Some of the modern fast fashion brands are able to churn out hundreds and thousands of styles of clothing within a few weeks’ time. But smaller brands are not able to achieve such targets. For them, it takes a little while longer to come up with new styles.
Garment production is a rhythmic movement of goods in a pre-planned path. We are going to unravel this path and make garment production easier for you.

Here is the 5 step guide to garment production
1. Pre-Production Stage
Garment manufacturing is more than cutting, sewing, and finishing. Although these are important steps, it is not the only step involved. Pre-production planning is the step before making bulk production. This stage includes the fabric and trims sourcing, pattern making, and sampling stage.
A. Fabric and Trim Sourcing
In a garment manufacturing unit, the sourcing department is responsible ...
... for fabric and trim sourcing. It is basically determining how and where the items will be obtained. The team sends out enquiries to multiple fabric and trim manufacturers in order to receive quotes for the same.
In some cases, the manufacturer sends a collection of small pieces of fabrics and trims to the sourcing. This way they get a hand feel on the item. Once the team finalizes few items, they negotiate for prices and lead time.
It is important to note that price, lead time, and the credibility of the manufacturer play an important role while deciding on a manufacturer.
B. Pattern Making
“Pattern making is the art of designing patterns by making templates from which clothing and craft items can be sewn”. A technical designer, who is an expert in pattern making draws various parts of similar style onto fabric prior to cutting and assembling.
C. Sampling
In the sampling process, a prototype of the style is made. Before mass production, it is crucial to understand the variables involved in the production process. In sampling, all the elements of the product are finalized and taken approval from relevant people at the organization.
The main objective of sampling is to eliminate the risk of making a wrong purchase of raw materials and finalize a smooth production process.
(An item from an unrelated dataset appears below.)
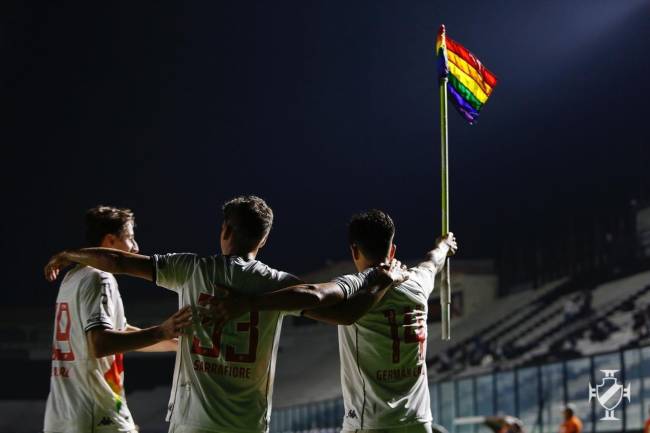 Cano, do Vasco, ergue a bandeira com arco-íris em São Januário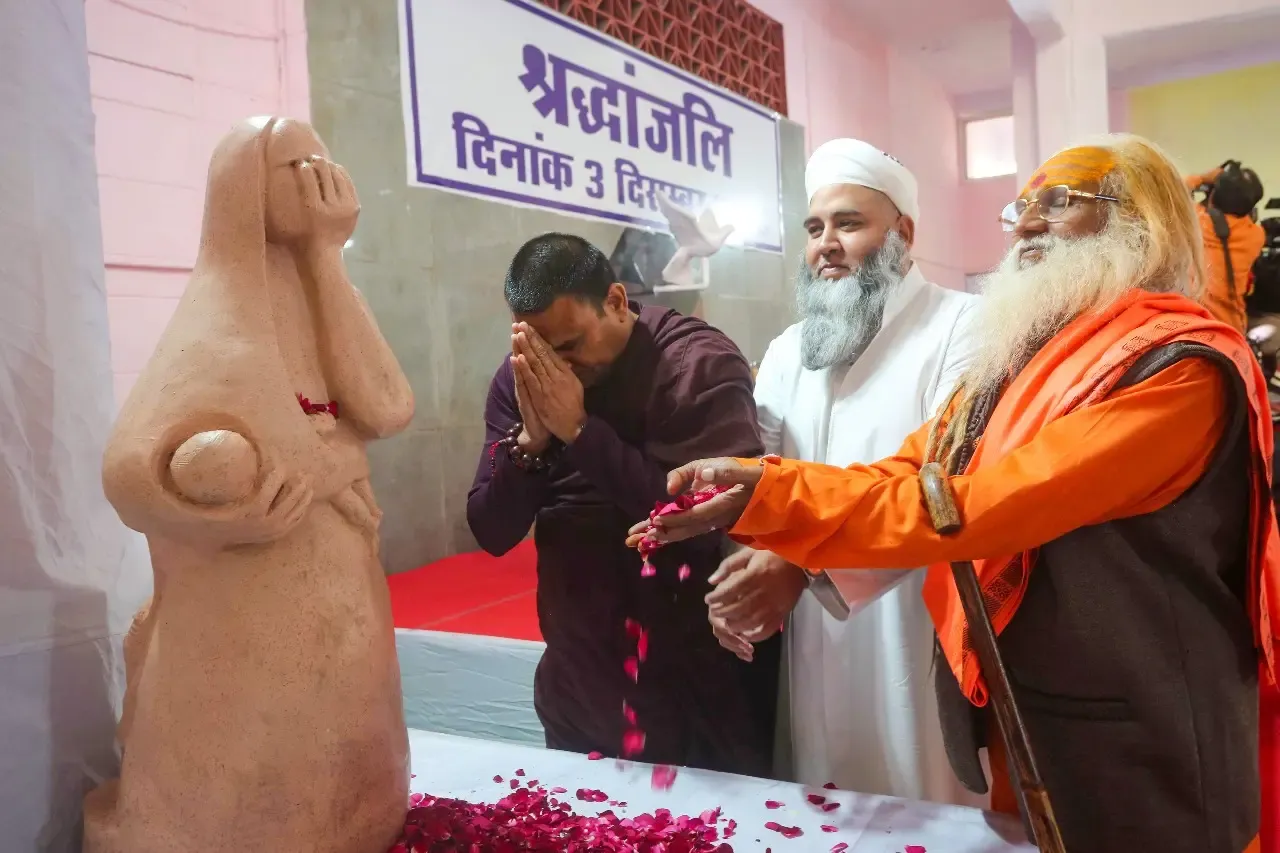 क्या भोपाल त्रासदी में यात्रियों की जान बचाने वाले रेल कर्मियों ने अपनी जान गंवाई?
In bulk manufacturing, making mistakes are not acceptable because a single mistake can cost hundreds of thousands in the loss.
2. Production Planning
Production planning involves planning each and every process involved in the manufacturing process in advance. The planning will be extremely precise in order to deliver goods at the right time. Any contingencies in the production planning will affect the delivery dates and ultimately leading to problems for the brand to which the items are to be delivered. It involves scheduling of tasks, execution of processes, and delivery.
Production planning leads to:
• Low cost of production
• Reduce loss due to problems
• Timely delivery of goods
• Follow up and execution

3. Spreading & Cutting Process
Spreading is the process of laying out the fabrics in order to cut them into pieces before it is forwarded for stitching. Most of the time, fabrics are laid in superimposed layers of specific lengths (plies). Both woven and knitted fabrics are laid in this manner.
Fabrics are often shipped in a roll or other similar form to manufacturers. Spreading is the initial process in garment manufacturing. Fabrics are often laid on a wide table. If it is an automatic spreading, then one worker would unwind fabrics and layer one on top of the other until they reach the desired number. In manual spreading, two workers standing on the opposite side of the table spread the fabric as per their target length. This is comparatively a time taking process than the automatic spreading. Commonly used in small-scale production.
Depending on the number of layers in which the fabric is laid, fabric spreading can be classified as follows:
1. Single Ply: A single layer of fabric is laid. Generally used for making samples.
2. Multiple Ply: More than one layer of fabric is stacked on one top of the other.
3. Stepped Lay: Multiple lays in which groups of layers have different lengths. Generally used for getting the best utilization and consumption of fabric.
Various methods of fabric spreading
In the garment industry, there are four popular methods of spreading. They are:
1. Completely manual laying-up
In this method, a roll of fabric is taken and one end is fixed at one side of the table, and spreading continued without using any mechanical assistance. This method is one of the most extensively used methods in our country because of the availability of workers at a cheap price. It also consumes less time.
1. Semi-automatic laying
A semi-automatic machine is used for spreading fabric. It is electrically powered and has the capability for reversing the travel of the machine.
1. Manual laying-up aided by spreading devices
This system is popularly used for checks, stripes, and other repeating patterns. Here, the fabric roll is supported with a frame and carried along with the table where the end is secured by weight or by a clamp. The workers move around ensuring there are no wrinkles or any extra tension.
1. Manually driven, mechanized laying-up using carriages
In this system, an operator clamps the free end of the fabric in line with the end of the spread, push the spreader to the other end, cut off the ply in line with that end, clamp the beginning of the next ply, push the spreader to the other end and so on.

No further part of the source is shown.